Conference Coverage

AI chatbot ‘hallucinates’ faulty medical intelligence


 

FROM IDWEEK 2023

Artificial intelligence (AI) models are typically a year out of date and have this “charming problem of hallucinating made-up data and saying it with all the certainty of an attending on rounds,” Isaac Kohane, MD, PhD, Harvard Medical School, Boston, told a packed audience at plenary at an annual scientific meeting on infectious diseases.

Dr. Kohane, chair of the department of biomedical informatics, says the future intersection between AI and health care is “muddy.”

Echoing questions about the accuracy of new AI tools, researchers at the meeting presented the results of their new test of ChatGPT.

The AI chatbot is designed for language processing – not scientific accuracy – and does not guarantee that responses to medical queries are fully factual.

To test the accuracy of ChatGPT’s version 3.5, the researchers asked it if there are any boxed warnings on the U.S. Food and Drug Administration’s label for common antibiotics, and if so, what they are.

ChatGPT provided correct answers about FDA boxed warnings for only 12 of the 41 antibiotics queried – a matching rate of just 29%.

For the other 29 antibiotics, ChatGPT either “incorrectly reported that there was an FDA boxed warning when there was not, or inaccurately or incorrectly reported the boxed warning,” Rebecca Linfield, MD, infectious diseases fellow, Stanford (Calif.) University, said in an interview.

Uncritical AI use risky

Nine of the 41 antibiotics included in the query have boxed warnings. And ChatGPT correctly identified all nine, but only three were the matching adverse event (33%). For the 32 antibiotics without an FDA boxed warning, ChatGPT correctly reported that 28% (9 of 32) do not have a boxed warning.

For example, ChatGPT stated that the antibiotic fidaxomicin has a boxed warning for increased risk for Clostridioides difficile, “but it is the first-line antibiotic used to treat C. difficile,” Dr. Linfield pointed out.

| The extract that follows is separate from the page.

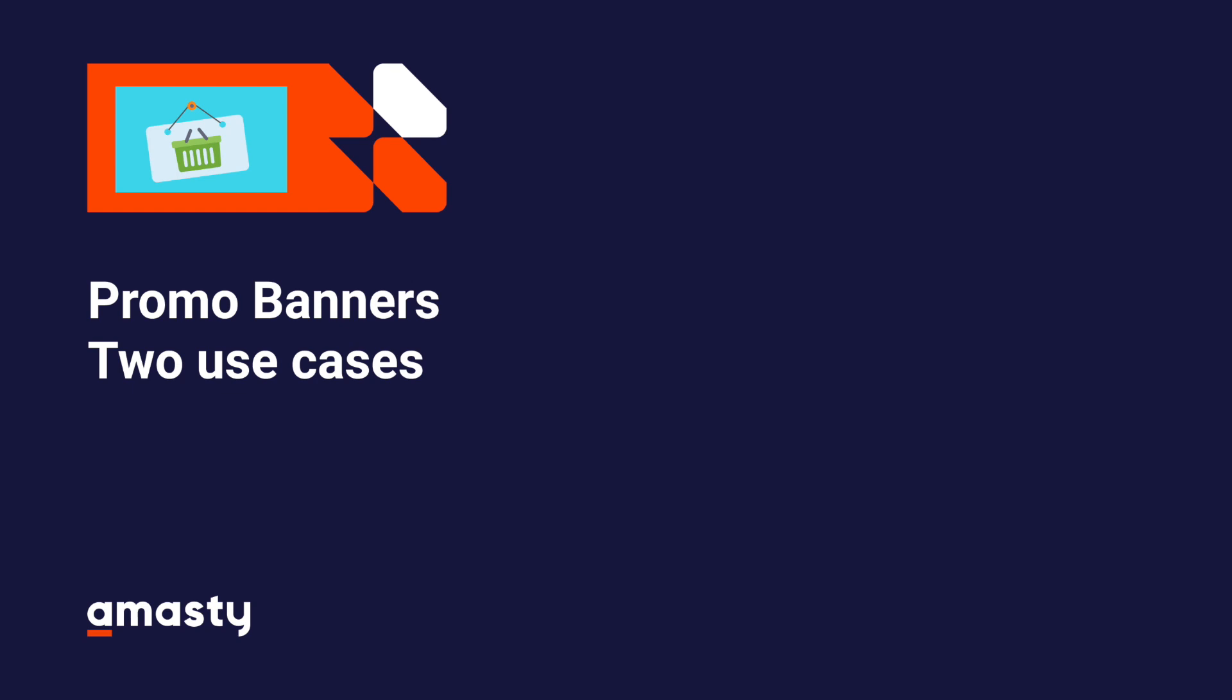Hi there! My name is Yulia, I'm a marketing specialist at Amasty. Today I'll show you two ways you can use Promo Banners extension to automate promotions and increase the average order value.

ChatGPT also reported that cefepime increased the risk for death in those with pneumonia and fabricated a study supporting that assertion. “However, cefepime is a first-line drug for those with hospital-acquired pneumonia,” Dr. Linfield explained.

“I can imagine a worried family member finding this through ChatGPT, and needing to have extensive reassurances from the patient’s physicians about why this antibiotic was chosen,” she said.

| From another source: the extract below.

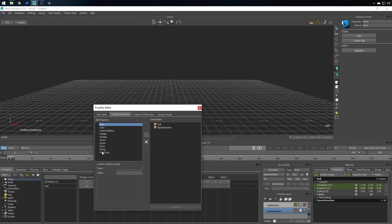On the left I've got all the properties that I can add to my object and on the right I have all the properties that my object contains. Right now there is none.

ChatGPT also incorrectly stated that aztreonam has a boxed warning for increased mortality.

“The risk is that both physicians and the public uncritically use ChatGPT as an easily accessible, readable source of clinically validated information, when these large language models are meant to generate fluid text, and not necessarily accurate information,” Dr. Linfield told this news organization.

Dr. Linfield said that the next step is to compare the ChatGPT 3.5 used in this analysis with ChatGPT 4, as well as with Google’s Med-PaLM 2 after it is released to the public.

Advancing fast

At plenary, Dr. Kohane pointed out that AI is a quick learner and improvements in tools are coming fast.

As an example, just 3 years ago, the best AI tool could score about as well as the worst student taking the medical boards, he told the audience. “Three years later, the leading large language models are scoring better than 90% of all the candidates. What’s it going to be doing next year?” he asked.

“I don’t know,” Dr. Kohane said, “but it will be better than this year.” AI will “transform health care.”

A version of this article first appeared on Medscape.com.